France has indicated on numerous occasions that these three demands are absolute
preconditions for any agreement, and the UK seems prepared to accept these
changes.
This is despite the fact that the UK was defeated during the set-up of both the
EU President and the EU Foreign Minister. At that time, the Government clearly
saw elements of the changes that were being proposed as being against the
national interest, but, as with the original Constitution, the Government now
seems ready to accept both, and defend their inclusion.
If an EU Foreign Minister appears in the same form as the original Constitutional Treaty national vetoes in several areas of foreign policy would be abolished. The original version of the Constitution proposed that votes on policies or actions proposed by the EU Foreign Minister would not be subject to national vetoes. This would represent a substantial shift in power from member states to the EU. The UK Government strongly opposed the inclusion of majority voting on foreign policy in the old EU Constitution. Jack Straw said that this clause was "simply unacceptable", but ended up rolling over and accepting it anyway.
The EU Foreign Minister would also have an automatic right to speak on the UK’s behalf in key international meetings like the UN security council. The original version of the Constitution said that “When the Union has defined a position on a subject which is on the United Nations Security Council’s agenda, those Member States which sit on the Security Council shall request that the Union Minister for Foreign Affairs be asked to present the Union's position.” The UK asked for this to be removed, but later gave in, and allowed it to be included.

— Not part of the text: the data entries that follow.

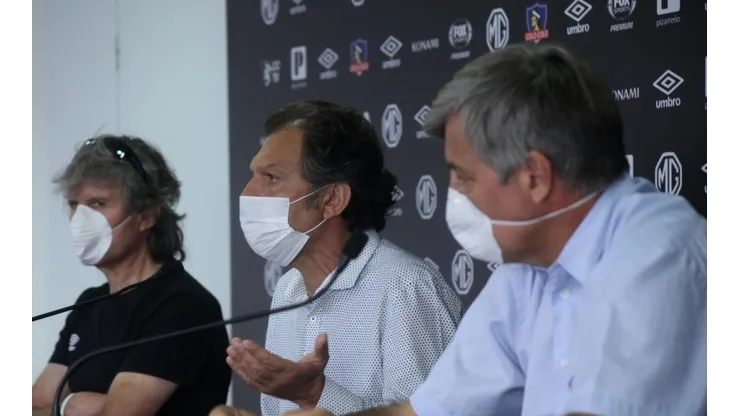 Colo Colo se acoge a la Ley de Protección del Empleo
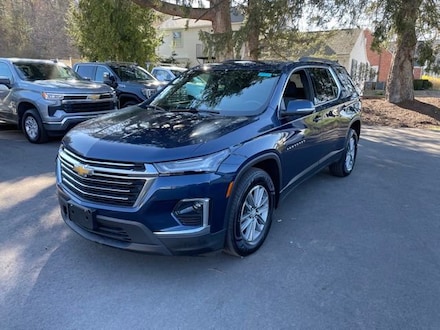 2023 Chevrolet Traverse LT Cloth SUV
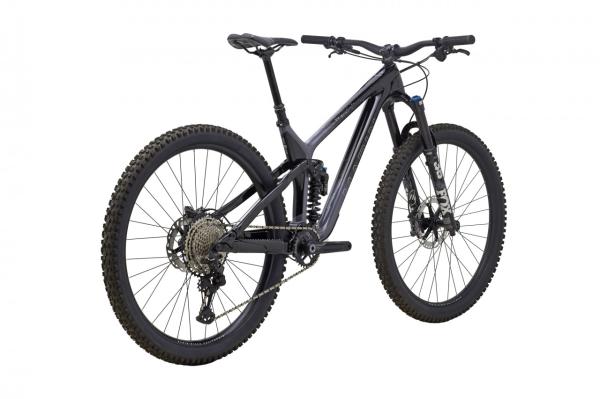 MARIN Rift Zone Carbon XR, šedá/karbón 2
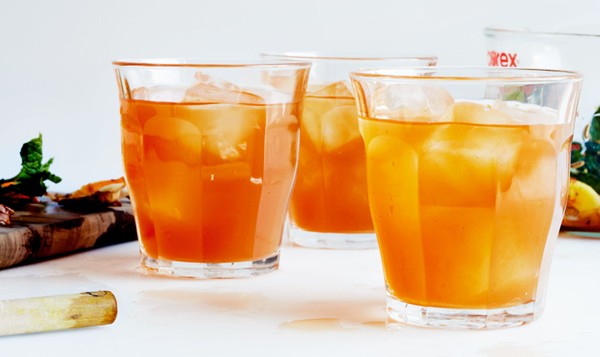 Overeater's tonic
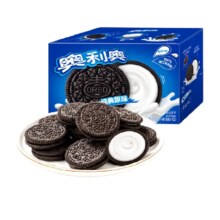 88VIP、需福袋：奥利奥 夹心饼干经典原味小包装12包582g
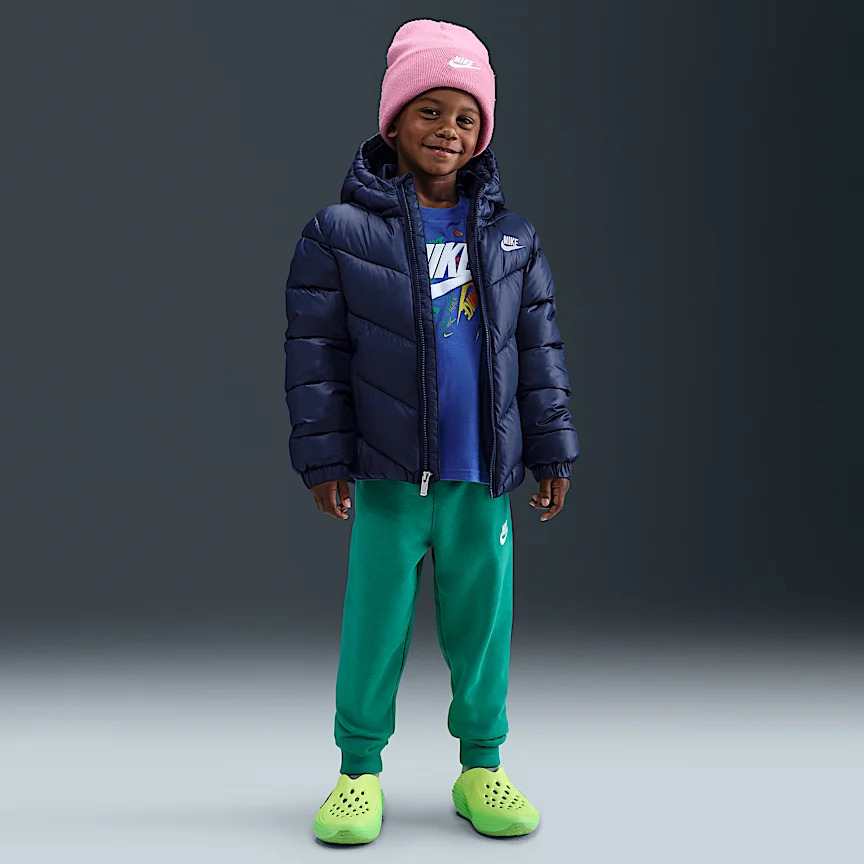 NIKE スポーツウェア — リトルキッズ オールデイ プレイ パファー ジャケット - Image 7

An EU President would fundamentally change the lawmaking process in Brussels. Instead of new laws being negotiated between the supranational Commission and a national head of Government (with a vested interest in protecting the rights of member states), negotiations would in future take place between one independent Brussels institution and another. Furthermore, EU federalists see the President as a stepping stone to a US-style President of Europe. The author of the original Constitutional Treaty, Valery Giscard d’Estaing, suggested that the new President of the Council will later be merged with the President of the Commission, and be directly elected. Nicolas Sarkozy has also recently backed making the President directly elected. During the negotiations on the Constitution Jack Straw said the UK “would have preferred to have explicit separation of those two posts”. The UK Government tried to block an amendment which allows the two posts to be merged, but later gave way.
The proposed new voting system (separate from the issue of vetoes) would slash Britain’s ability to block legislation by a third; this is a clear a transfer of power. Even pro-euro groups like the Centre for European Reform have admitted that under the new system “those opposing a law would find it slightly harder to block it.”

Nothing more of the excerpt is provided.